I always dreamed of a digital assistant that can access my stuff and is proactively engaging in the things I do. I tried at least a dozen times in the past to create such a system until it clicked a few weeks ago. I should not try to create a one in all solution. This always ended up in nightmare code, which is unmaintainable and hard to work on if I want to change something. Now I created a bunch of scripts which all do one thing, and one thing only (and well!). One vision script, one for audio processing, one for image interpretation… and so on. This gave me the flexibility to define a proper communication format for each service/script and exchange them if needed. E.g. currently I play around with other TTS systems. I started with Qwen3-TTS and now I also have Omnivoice and I can exchange them on the fly without interruption or changes to the rest of the system.

Is it AGI? No! Absolutely not.
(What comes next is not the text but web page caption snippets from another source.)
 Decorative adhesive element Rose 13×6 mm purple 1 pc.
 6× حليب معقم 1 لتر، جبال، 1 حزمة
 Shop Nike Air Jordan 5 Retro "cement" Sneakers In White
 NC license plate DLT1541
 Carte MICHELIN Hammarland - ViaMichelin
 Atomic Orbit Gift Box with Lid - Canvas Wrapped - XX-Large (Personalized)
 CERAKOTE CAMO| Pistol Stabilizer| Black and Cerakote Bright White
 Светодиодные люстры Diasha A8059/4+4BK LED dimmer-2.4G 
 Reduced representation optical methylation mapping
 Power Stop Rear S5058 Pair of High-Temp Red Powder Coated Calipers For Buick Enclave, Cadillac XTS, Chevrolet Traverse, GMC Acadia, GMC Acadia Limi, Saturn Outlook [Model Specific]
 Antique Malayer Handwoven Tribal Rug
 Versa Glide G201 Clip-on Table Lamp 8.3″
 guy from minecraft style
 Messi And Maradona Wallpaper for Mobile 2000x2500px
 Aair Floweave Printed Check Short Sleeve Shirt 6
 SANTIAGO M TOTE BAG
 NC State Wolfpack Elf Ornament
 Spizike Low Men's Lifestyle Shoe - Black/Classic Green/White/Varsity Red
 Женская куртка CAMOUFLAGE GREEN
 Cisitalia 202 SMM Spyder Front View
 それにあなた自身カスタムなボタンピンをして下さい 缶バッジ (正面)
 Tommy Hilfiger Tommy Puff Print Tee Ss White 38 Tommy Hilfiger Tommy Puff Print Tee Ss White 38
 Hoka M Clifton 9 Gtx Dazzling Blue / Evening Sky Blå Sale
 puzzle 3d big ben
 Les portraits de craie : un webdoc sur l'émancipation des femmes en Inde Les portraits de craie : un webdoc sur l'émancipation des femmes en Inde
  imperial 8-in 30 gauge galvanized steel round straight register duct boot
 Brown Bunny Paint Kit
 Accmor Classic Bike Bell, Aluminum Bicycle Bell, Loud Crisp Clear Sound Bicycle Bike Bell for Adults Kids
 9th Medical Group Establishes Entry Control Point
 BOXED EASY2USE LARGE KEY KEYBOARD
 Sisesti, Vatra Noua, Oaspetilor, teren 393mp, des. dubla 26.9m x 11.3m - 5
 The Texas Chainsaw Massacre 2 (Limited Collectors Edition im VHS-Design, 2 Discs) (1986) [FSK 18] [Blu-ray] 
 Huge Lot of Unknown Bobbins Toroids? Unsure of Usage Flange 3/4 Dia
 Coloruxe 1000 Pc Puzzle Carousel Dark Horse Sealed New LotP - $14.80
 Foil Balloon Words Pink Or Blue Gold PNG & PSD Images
I dont intend to create sentient life here (there are smarter people than me who can work on that) But is it a cool system (at least for me) where I can plug in my digital life, and parts of my analog life, and can be certain that it does not sell me to big corpo? Yes, absolutely.

I will try to prepare an entry where I describe my setup for Marvin more in detail. This will cover things like overall design, caveats and how I integrate everything together. Dont worry, this is more jank than it currently sounds, so be prepared for some kind of a deep dive into my digital/analog life bridge.